Healthy ageing!
Europe needs health prevention and sufficient skilled workers.
UM – 11/2024
Lifelong health promotion and disease prevention is a prerequisite for healthy ageing. This is emphasised in the joint report of the European Commission and the Organisation for Economic Co-operation and Development (OECD), published in mid-November 2024. The report ‘Health at a Glance: Europe 2024’ also highlights the need to address the shortage of health professionals. And this throughout Europe!
In the double demographic trap
In 2022, EU countries lacked around 1.2 million doctors, nurses and midwives. Member States are facing a double demographic challenge: The ageing population is increasing demand for health services, while the ageing of the working population is leading to a higher proportion of workers leaving the health professions.
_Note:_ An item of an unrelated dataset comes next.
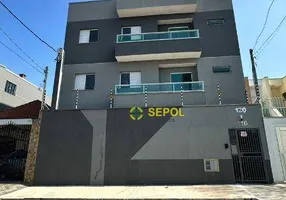 Foto 1 de Apartamento com 2 Quartos à venda, 33m² em Jardim Aricanduva, São Paulo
To make matters worse, young people are becoming less interested in health professions, especially nursing. Counter-strategies must be aimed equally at attracting health workers and reducing demand by promoting healthy lifestyles into old age.
Recruitment from abroad
As a short-term strategy, European countries have repeatedly recruited health workers from abroad. After the pandemic-related decline, the number of specialist staff with foreign training qualifications has risen sharply again: by 17 per cent for doctors and as much as 72 per cent for nurses. Such solutions provide some initial relief, but exacerbate the care situation in the countries of origin.
Long-term strategies
In the long term, the report recommends that Europe should take a multi-pronged approach. Working conditions should be improved to make the professions more attractive and to retain people in the health care professions. In the medium and long term, education and training opportunities should be improved to attract more people to the professions. Structurally, the mix of qualifications should be optimised to make the caring professions more attractive. The potential of digitalisation and artificial intelligence should be used to increase the productivity of healthcare personnel.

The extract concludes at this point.